If `optbinning` is installed, you can compute **IV** (variable strength) and produce **WOE-transformed** features for a classic **scorecard** workflow.


In [None]:

# --- 7) WOE/IV (optional) -----------------------------------------------------
if _optbinning is None:
    print("optbinning not installed; skipping WOE/IV demo.")
else:
    from optbinning import OptimalBinning
    iv_table = []
    for col in num_cols:
        try:
            ob = OptimalBinning(name=col, dtype="numerical", solver="mip", monotonic_trend=None)
            ob.fit(X_train[col].values, y_train.values)
            iv = ob.information_value_
            iv_table.append((col, iv))
        except Exception as e:
            pass
    iv_df = pd.DataFrame(iv_table, columns=["feature", "IV"]).sort_values("IV", ascending=False)
    display(iv_df.head(20))



## 8) Explainability (SHAP)

Use **SHAP** values to explain individual predictions and global feature importance (if `shap` is installed).


In [None]:

# --- 8) SHAP (optional) -------------------------------------------------------
if shap is None:
    print("SHAP not installed; skipping explainability plots.")
else:
    # Use a sample for speed
    X_test_sample = X_test.sample(min(200, len(X_test)), random_state=RANDOM_STATE)
    # Use predict_proba on the pipeline via a KernelExplainer (model-agnostic)
    def f_model(X_array):
        return baseline_clf.predict_proba(pd.DataFrame(X_array, columns=X_test.columns))[:, 1]

    explainer = shap.KernelExplainer(f_model, X_test_sample, link="logit")
    shap_values = explainer.shap_values(X_test_sample, nsamples=100)
    shap.summary_plot(shap_values, X_test_sample, show=True)

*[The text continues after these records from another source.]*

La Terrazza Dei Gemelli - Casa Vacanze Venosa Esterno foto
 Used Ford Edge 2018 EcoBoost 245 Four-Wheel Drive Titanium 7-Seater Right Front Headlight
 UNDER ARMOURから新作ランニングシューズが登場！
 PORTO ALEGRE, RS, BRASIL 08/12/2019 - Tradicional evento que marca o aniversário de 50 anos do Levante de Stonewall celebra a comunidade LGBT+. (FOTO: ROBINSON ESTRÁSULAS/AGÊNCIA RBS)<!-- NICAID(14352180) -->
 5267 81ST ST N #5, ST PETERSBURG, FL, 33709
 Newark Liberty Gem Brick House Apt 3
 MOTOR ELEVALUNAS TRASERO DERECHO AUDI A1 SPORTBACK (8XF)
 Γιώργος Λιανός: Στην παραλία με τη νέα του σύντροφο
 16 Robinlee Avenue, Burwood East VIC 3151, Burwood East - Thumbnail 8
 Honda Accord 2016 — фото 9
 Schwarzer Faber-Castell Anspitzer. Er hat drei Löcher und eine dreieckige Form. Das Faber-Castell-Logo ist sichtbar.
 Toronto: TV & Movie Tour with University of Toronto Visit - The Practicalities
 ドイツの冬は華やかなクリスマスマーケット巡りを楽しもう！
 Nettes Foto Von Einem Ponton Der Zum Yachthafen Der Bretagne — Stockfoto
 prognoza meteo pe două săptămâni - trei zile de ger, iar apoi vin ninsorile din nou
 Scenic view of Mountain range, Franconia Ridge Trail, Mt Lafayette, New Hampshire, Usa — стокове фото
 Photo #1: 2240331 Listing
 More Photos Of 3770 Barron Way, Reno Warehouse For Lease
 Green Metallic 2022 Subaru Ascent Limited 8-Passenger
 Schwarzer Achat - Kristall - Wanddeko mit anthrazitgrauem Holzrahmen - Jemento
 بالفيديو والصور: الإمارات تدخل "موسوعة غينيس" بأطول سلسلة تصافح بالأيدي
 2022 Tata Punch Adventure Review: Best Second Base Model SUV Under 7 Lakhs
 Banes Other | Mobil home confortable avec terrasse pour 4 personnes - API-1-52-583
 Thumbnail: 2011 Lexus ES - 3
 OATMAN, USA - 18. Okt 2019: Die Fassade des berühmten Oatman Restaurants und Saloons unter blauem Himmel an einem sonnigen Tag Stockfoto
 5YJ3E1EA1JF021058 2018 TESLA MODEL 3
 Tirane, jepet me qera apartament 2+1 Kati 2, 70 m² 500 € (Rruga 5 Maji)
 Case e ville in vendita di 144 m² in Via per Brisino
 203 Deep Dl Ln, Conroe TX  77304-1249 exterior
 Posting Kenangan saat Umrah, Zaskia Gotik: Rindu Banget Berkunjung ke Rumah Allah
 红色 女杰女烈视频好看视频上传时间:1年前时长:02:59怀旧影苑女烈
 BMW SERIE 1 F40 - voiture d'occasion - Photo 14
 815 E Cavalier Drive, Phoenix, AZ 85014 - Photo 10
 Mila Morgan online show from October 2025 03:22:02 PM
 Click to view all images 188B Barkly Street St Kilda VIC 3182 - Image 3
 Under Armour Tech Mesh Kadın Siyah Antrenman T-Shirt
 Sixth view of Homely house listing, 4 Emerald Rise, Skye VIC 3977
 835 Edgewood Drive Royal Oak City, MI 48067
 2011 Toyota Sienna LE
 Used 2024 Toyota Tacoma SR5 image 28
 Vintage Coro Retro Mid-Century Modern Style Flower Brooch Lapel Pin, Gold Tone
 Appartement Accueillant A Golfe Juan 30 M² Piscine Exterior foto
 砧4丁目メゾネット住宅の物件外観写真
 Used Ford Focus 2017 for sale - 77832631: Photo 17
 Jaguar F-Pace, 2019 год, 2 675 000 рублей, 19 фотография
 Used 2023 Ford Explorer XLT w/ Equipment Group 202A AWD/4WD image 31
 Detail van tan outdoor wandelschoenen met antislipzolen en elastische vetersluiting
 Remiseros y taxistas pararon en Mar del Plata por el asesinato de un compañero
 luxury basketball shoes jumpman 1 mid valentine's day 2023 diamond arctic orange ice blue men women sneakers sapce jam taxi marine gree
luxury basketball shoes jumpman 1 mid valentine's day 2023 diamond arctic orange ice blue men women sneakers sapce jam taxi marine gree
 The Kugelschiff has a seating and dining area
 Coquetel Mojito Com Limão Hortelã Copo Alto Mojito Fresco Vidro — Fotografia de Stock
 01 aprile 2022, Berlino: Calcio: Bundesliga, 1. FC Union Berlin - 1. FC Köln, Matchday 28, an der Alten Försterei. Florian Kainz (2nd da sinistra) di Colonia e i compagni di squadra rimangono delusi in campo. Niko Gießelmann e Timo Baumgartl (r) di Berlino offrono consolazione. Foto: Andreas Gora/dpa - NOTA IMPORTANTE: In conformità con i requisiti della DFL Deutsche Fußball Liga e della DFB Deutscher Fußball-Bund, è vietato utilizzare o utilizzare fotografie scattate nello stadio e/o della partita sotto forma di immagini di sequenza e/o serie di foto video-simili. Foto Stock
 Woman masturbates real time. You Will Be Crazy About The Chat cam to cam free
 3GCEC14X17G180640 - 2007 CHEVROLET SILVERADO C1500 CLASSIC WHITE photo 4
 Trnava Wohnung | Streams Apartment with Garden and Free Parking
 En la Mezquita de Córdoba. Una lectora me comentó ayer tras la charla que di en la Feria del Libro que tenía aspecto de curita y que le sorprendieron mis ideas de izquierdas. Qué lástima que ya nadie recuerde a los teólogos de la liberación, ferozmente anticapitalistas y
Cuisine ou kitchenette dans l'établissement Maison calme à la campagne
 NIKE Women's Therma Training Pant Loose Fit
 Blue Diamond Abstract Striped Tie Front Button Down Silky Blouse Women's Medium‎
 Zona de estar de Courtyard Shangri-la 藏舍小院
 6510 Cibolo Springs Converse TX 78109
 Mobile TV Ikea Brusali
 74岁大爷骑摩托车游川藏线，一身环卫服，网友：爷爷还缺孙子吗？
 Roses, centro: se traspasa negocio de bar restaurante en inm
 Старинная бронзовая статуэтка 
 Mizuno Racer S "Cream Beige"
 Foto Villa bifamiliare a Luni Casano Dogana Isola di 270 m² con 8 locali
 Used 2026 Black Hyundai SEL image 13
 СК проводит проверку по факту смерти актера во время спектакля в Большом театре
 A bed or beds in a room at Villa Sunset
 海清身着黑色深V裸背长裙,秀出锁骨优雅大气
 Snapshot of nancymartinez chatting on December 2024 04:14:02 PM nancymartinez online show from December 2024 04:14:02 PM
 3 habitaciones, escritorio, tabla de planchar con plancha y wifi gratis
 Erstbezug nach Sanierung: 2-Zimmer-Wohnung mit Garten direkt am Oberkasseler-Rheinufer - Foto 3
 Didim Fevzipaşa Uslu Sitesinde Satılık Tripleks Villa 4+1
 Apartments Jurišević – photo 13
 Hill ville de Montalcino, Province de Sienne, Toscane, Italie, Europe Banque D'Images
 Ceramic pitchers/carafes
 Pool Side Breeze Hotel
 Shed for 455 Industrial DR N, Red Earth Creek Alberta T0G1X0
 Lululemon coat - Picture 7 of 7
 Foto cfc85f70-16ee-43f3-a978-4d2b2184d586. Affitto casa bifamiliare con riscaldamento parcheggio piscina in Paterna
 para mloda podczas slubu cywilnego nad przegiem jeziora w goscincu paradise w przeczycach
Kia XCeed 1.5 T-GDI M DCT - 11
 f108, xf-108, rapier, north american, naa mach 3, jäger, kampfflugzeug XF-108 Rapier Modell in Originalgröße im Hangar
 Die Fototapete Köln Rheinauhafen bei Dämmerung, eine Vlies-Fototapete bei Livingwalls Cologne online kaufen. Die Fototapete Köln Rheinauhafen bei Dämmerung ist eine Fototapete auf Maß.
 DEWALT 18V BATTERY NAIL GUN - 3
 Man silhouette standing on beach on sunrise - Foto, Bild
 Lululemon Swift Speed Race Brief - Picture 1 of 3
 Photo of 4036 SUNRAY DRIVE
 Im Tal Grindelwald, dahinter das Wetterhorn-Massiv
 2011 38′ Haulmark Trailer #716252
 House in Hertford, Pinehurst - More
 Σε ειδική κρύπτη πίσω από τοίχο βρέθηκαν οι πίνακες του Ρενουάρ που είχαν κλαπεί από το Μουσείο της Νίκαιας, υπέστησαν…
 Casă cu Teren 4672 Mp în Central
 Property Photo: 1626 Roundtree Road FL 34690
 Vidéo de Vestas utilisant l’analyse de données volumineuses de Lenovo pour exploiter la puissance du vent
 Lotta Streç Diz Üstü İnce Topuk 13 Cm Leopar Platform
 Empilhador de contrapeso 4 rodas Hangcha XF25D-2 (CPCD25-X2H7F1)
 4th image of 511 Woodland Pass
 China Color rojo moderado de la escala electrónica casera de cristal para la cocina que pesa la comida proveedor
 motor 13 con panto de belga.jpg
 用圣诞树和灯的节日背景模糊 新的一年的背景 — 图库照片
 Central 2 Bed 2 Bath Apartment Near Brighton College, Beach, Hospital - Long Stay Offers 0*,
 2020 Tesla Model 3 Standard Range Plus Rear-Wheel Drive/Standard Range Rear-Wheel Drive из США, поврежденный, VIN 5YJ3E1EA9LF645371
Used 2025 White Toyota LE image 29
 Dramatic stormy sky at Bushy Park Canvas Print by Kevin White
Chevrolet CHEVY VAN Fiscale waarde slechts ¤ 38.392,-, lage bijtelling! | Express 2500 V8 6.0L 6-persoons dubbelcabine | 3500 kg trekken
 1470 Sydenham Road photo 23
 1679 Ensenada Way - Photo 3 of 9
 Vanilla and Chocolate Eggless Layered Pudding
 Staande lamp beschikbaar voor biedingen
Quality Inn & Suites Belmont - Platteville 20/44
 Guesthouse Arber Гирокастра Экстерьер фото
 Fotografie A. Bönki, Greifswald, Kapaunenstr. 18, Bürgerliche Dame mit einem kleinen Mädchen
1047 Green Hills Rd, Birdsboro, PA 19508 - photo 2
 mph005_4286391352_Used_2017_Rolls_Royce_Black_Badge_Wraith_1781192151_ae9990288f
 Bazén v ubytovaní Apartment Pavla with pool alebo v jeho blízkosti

## 9) Model Report (Executive/Risk Style) — Outline

**Business Objective:** Predict probability of default (PD) for credit applicants to improve underwriting & portfolio risk management.  
**Data:** Source, period, key fields, exclusions.  
**Method:** Train/test split, preprocessing steps, logistic regression specs, hyperparameters.  
**Performance:** AUC, KS, Gini, confusion, calibration plots.  
**Stability:** PSI, drift checks, backtesting (if time-split available).  
**Governance:** Assumptions, limitations, fairness checks, documentation of versions.  
**Decisioning:** Example cutoffs, expected approvals/declines, loss impacts.



## 10) Next Steps

- Add **calibration** (Platt scaling or isotonic).  
- Add **reject inference** (if you have accepted-only bias).  
- Try **monotonic constraints** (e.g., XGBoost) for regulator-friendly behavior.  
- Productionize: **MLflow** tracking, **Airflow** pipeline, **Docker** packaging.